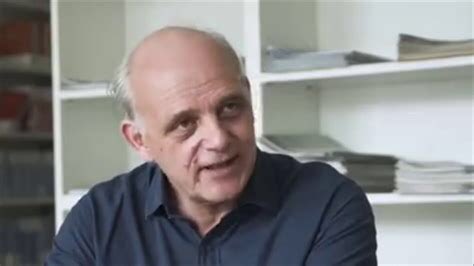 Krieger66362259's tweet photo. Jean-Dominique Michel :
« Médicalement, il y a deux façons de tuer les gens : en les privant des traitements qui soignent ou en leur donnant des traitements qui tuent.
Pendant la crise Covid, on a fait les deux… » https://t.co/1pyg46XWjD
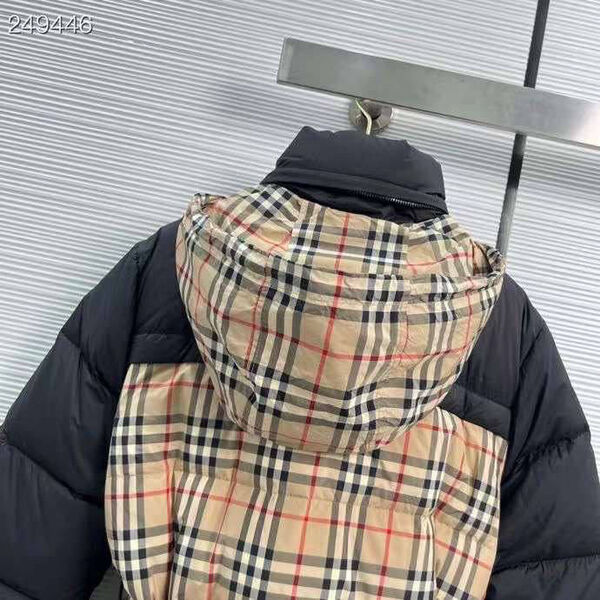 Пуховик двухсторонний Burberry женский черный 126483-7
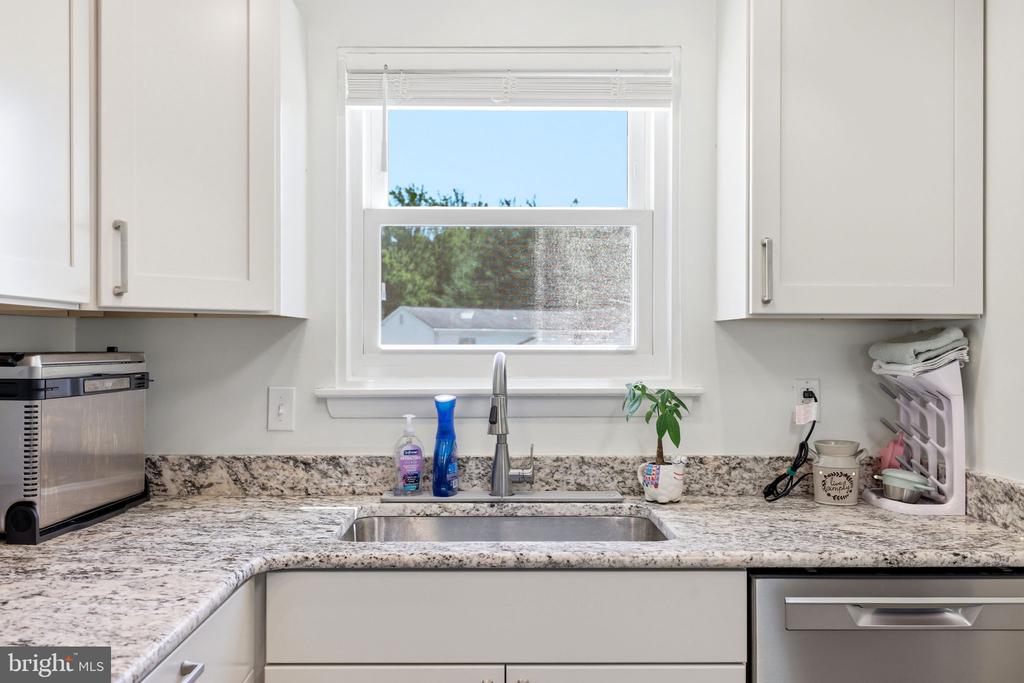 5307 SAPHIRE COURT
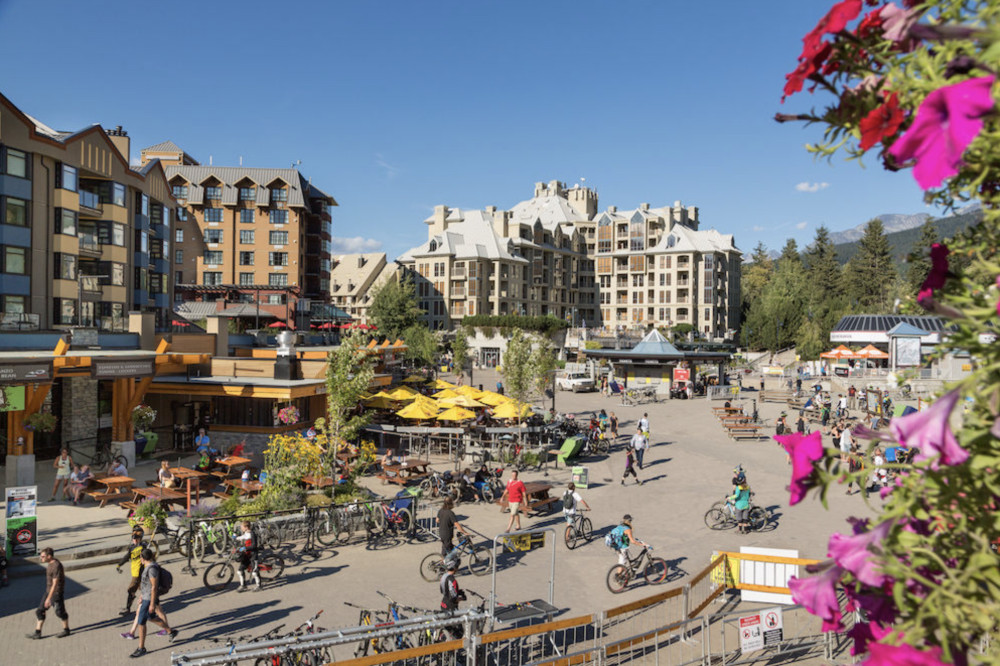 Discover Canada Tours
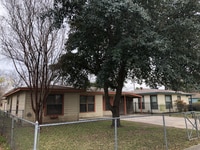 Building Photo - 246 Pletz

##########

* **DIRECTIONS FOR THIS TASK**:
Write down every line of the data above that includes the string "deux".

* **RESULT FOR THIS TASK**:
« Médicalement, il y a deux façons de tuer les gens : en les privant des traitements qui soignent ou en leur donnant des traitements qui tuent.
Pendant la crise Covid, on a fait les deux… » https://t.co/1pyg46XWjD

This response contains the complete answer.